If you simply want to archive files (e.g. POC work) you can do this on the edge node local file system.
4. HDFS
If you are archiving files on the edge node and it does not have high availability or backup (e.g. autoreplication of mounts) and you want this, putting it into HDFS is a good idea since each is replicated 3x.
When putting into HDFS, from a client perspective there is no specification of name node or data node -- you interact with the namenode and it will store it on the data nodes. The name node is your interface with the data nodes.
In HDFS, you could define a path like /misc and store these files there.
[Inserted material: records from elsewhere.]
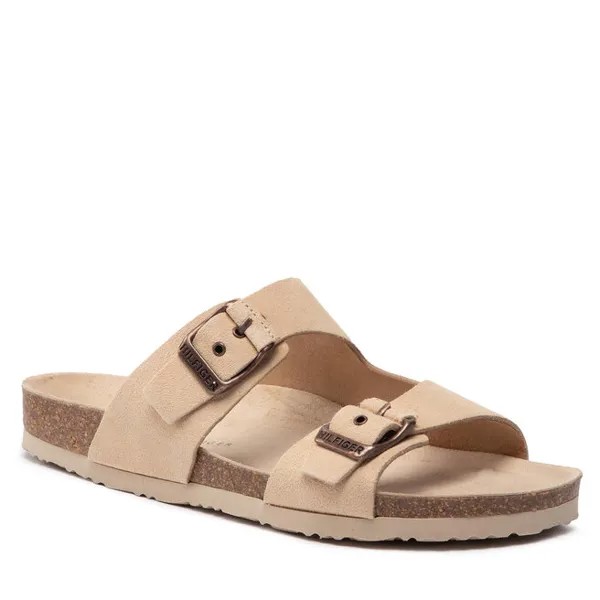 Шлепанцы Tommy Hilfiger CorkSuede Buckle, бежевый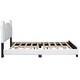 preview thumbnail 7 of 5, White Cute Pine Wood Upholstered Platform Bed with Cartoon Ears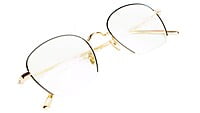 Unisex Medium Half Rim Round Spectacle Frame. Black &Golden Frame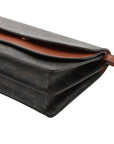 Pre-Loved Triomphe Wallet on Strap Crossbody Bag Triomphe Coated Canvas with Gold Hardware, Brown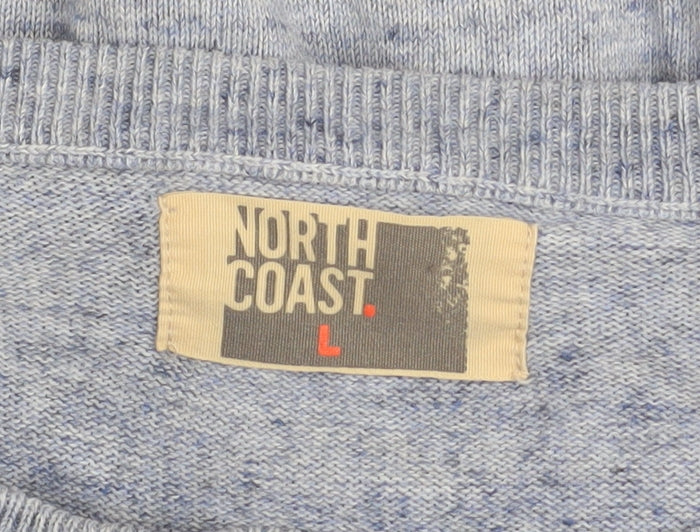 Marks and Spencer North Coast Men’s Blue Cotton Crew Neck Jumper L - Image 4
You can also manage read-write permissions on this folder.
You can manage files (make dir, put file, get file) in hdfs through the command line (edge node is good host for this) or Ambari file view.
See: http://hortonworks.com/hadoop-tutorial/using-commandline-manage-files-hdfs/
http://hortonworks.com/blog/best-practices-in-hdfs-authorization-with-apache-ranger/
Created 11-07-2016 01:07 PM
can i create a linux file system to store all file in? and where node can i use? Thanks
Created 11-07-2016 01:51 PM
If you do anything with the linux file system, it should be on edge node only. See fuller answer below.
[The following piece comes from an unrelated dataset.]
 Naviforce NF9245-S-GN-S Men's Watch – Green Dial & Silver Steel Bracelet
Created 11-07-2016 01:33 PM
1. Never use master or data node local storage
Best practice is definitely not to touch the master nodes or data nodes for local filesystem storage or command line interface (use edge node CLI or local machine via Ambari Views or integration through Knox gateway).
2. 3rd party tools
3rd party tools will specify where to locate their files/jars.
3. Edge node
If you need files (typically jars) for client interface to cluster, place on edge node and use client there.
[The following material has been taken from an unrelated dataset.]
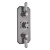 Hudson Reed Topaz Concealed Triple Handle Shower Valve - Brushed Pewter | Thumbnail Image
If you simply want to archive files (e.g. POC work) you can do this on the edge node local file system.
4. HDFS
If you are archiving files on the edge node and it does not have high availability or backup (e.g. autoreplication of mounts) and you want this, putting it into HDFS is a good idea since each is replicated 3x.
When putting into HDFS, from a client perspective there is no specification of name node or data node -- you interact with the namenode and it will store it on the data nodes. The name node is your interface with the data nodes.
In HDFS, you could define a path like /misc and store these files there. You can also manage read-write permissions on this folder.
You can manage files (make dir, put file, get file) in hdfs through the command line (edge node is good host for this) or Ambari file view.
See: http://hortonworks.com/hadoop-tutorial/using-commandline-manage-files-hdfs/
http://hortonworks.com/blog/best-practices-in-hdfs-authorization-with-apache-ranger/
Created 11-07-2016 01:48 PM
Hello Greg,
Thanks for your answers; I don't talk about data files that i can store in hdfs but files like applications jars (jars for spark application) or teradata generate file.
Thanks
Created 11-07-2016 01:53 PM
As mentioned in previous comment -- you should only store files in local file system of edge node. You should never use the actual cluster (master and data nodes) for local file storage. The fuller answer gives the benefit of HDFS if you are worried about automatic backup of files. (I have seen edge nodes go down and everything lost; thus, either have automatic backup or go to hdfs for files you want to backup.)
Created 11-07-2016 02:16 PM
ok! thanks very much.
Created 11-07-2016 02:26 PM
If you feel like you have everything you need, let me know by accepting the answer; else, good to wait for additional answers or follow up with additional questions.